Among these are prized ornamental reef fish and coral species highly valued by collectors. While it is possible to collect them at sustainable levels which do not harm the coral reef or broader marine ecosystem, high demand leads too often to unsustainable and destructive collection practices such as overcollection of species overall, overcollection of younger specimens, collection through reef-dredging, gill nets, explosives or poison, and harm to specimens leading to excessive deaths in transit. Most of the collection occurs internationally where most of our world's coral reefs are found, in countries, such as in Southeast Asia, which do not have strong regulation or enforcement regimens against unsustainable or destructive practices.

As the largest importer of ornamental reef fish, our country has both responsibility for creating the demand that leads to such practices, and the opportunity to channel that demand to sustainable collection.

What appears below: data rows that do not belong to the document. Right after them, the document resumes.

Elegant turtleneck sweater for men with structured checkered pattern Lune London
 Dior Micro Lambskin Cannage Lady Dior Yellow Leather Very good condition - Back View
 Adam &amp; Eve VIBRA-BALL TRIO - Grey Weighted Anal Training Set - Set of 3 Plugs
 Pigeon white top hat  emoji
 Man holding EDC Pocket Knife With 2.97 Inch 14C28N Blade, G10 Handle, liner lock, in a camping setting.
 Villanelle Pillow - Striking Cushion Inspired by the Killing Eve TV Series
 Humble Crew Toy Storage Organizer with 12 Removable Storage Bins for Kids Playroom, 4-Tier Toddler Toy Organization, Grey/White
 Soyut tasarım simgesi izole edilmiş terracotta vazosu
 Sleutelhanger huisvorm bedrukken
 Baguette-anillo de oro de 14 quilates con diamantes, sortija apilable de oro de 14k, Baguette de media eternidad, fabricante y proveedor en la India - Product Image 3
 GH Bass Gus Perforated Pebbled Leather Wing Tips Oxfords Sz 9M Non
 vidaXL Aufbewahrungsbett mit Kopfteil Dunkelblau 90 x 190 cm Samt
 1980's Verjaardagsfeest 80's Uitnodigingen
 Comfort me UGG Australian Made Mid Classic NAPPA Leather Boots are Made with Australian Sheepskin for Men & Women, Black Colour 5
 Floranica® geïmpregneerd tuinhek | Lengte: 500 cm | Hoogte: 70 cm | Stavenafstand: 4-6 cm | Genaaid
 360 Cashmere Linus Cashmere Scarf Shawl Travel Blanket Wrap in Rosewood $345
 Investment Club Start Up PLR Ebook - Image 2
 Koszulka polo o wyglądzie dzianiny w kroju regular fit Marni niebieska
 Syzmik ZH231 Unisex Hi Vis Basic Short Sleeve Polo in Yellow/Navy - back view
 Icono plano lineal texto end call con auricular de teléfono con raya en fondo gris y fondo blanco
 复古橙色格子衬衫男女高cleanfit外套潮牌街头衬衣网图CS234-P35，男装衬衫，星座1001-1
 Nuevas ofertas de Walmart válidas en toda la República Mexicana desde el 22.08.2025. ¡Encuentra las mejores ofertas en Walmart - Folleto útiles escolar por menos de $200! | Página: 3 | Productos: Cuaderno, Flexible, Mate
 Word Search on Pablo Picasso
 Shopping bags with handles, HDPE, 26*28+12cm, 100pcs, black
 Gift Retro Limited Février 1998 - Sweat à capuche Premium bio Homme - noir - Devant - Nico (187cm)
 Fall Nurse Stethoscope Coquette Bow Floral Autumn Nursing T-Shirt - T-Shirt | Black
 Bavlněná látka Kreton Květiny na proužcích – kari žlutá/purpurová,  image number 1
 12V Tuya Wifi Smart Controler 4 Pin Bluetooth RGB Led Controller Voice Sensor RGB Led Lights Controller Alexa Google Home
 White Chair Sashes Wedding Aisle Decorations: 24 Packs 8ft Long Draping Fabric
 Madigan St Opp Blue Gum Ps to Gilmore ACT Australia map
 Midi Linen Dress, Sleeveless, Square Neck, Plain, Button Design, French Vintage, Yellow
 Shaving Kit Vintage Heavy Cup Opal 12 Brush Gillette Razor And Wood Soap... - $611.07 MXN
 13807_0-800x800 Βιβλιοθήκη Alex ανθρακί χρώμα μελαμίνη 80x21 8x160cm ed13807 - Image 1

The Saving Natural Ecosystems and Marine Organisms Act would do so by prohibiting the import into our country of protected reef species taken using unsustainable or destructive practices. The enforcement mechanism would be administrative certification, in conjunction with cooperating collecting countries where possible, that ornamental reef fish and species to be imported into our country were collected without following those practices.

I ask for my colleagues' support of this bill which is one piece of a much larger effort to save our oceans from their own worst enemy: us.